Actually, that is a very good question and probably caused by the general immaturity of software engineering. Languages are not created in a planned, thought-through manner. Instead they are designed by human beings.

But what if they were, in fact, planned?

Let us quickly come up with some obviously orthogonal properties of a PL: evaluation strategy (by value, by name, by need) memory safety (manual, automatic), type system (none, nominal, structural), and implementation choice (compiled, interpreted). That alone gives us 3x2x3x2=36 possible languages and there are a) many more orthogonal choices to be made and b) several subchoices (e.g., which garbage collector, or which kind of polymorphism in the type system, what kind of macros, etc.) - also some of these choics are not truly orthogonal to complicate matters even more (interpreted languages tend to be untyped for some reason, for instance).

All in all, it seems there should be hundreds if not thousands of languages even if we would design them like we design wrenches or screwdrivers.


> Actually, that is a very good question and probably caused by the general immaturity of software engineering. Languages are not created in a planned, thought-through manner. Instead they are designed by human beings.

> But what if they were, in fact, planned?

[snip good post]

There's also the Le Corbusier Problem: A language has to be livable in order to be used, and everyone's conception of livability is different, but few people desire to live in what could be defined as the logical minimum required.

Even mathematical notation is inconsistent and luxuriant sometimes; for example, we have sine, cosine, tangent, and so on, when we all know that complex exponentiation would suffice. That's a multitude of functions which are all non-orthogonal variations on a theme! What wastage! What profligacy! A truly austere system would have very few, if any, named functions.

But, of course, humans can't live like that, and few desire to try.


> the Le Corbusier Problem: A language has to be livable in order to be used

Very good phrase, thank you. It sometimes feels like functional programming is the High Modernism of today, with the same issues.

I've also tried to coin the "left handed scissors" analogy: not all developers are identical Promethean beings of pure intellect, they have different adaptation needs. The left-handed scissors are more convenient for left-handed people and less for right-handed people. Which ruins attempts to put all languages in a strict total ordering from "best" to "worst".


> It sometimes feels like functional programming is the High Modernism of today, with the same issues.

I find it rather natural, myself; maybe that's because I spend so much time making pipelines in the shell. As I said, different languages fit into different minds.


>Languages are not created in a planned, thought-through manner

Well, some are. Namely, Algol, Scheme, Smalltalk, Java, C#, and famously Ada (And I've missed some, like Oberon, etc).

Those were planned, and thought-through quite well.
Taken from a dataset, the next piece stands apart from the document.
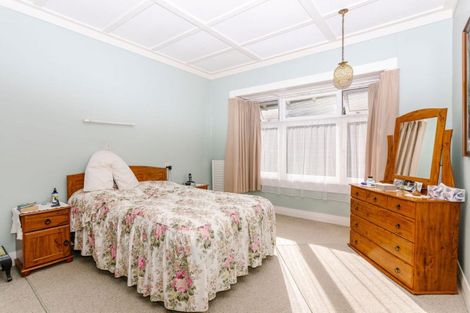 Photo of property in 36 Riverdale Road, Dannevirke, 4930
And their later updates were also planned and thought out quite thorougly.

Other languages were more idiosyncratically designed by some (often single) person, and accrued features haphazardly over time.


Just want to add Haskell, that was planned and thought-through for a very long time, and the purpose of it being planned was especially to slow down the proliferation of too many (research) programming languages, by providing a base/platform language that will be used for future research:

https://www.microsoft.com/en-us/research/wp-content/uploads/...


> Other languages were more idiosyncratically designed by some (often single) person, and accrued features haphazardly over time.

Some of those are quite successful. Top examples, and very fitting of your description are javascript and php. Interestingly, both of those made nearly the same (in my opinion wrong) descission about comparison operators and "type juggling" (php parlance).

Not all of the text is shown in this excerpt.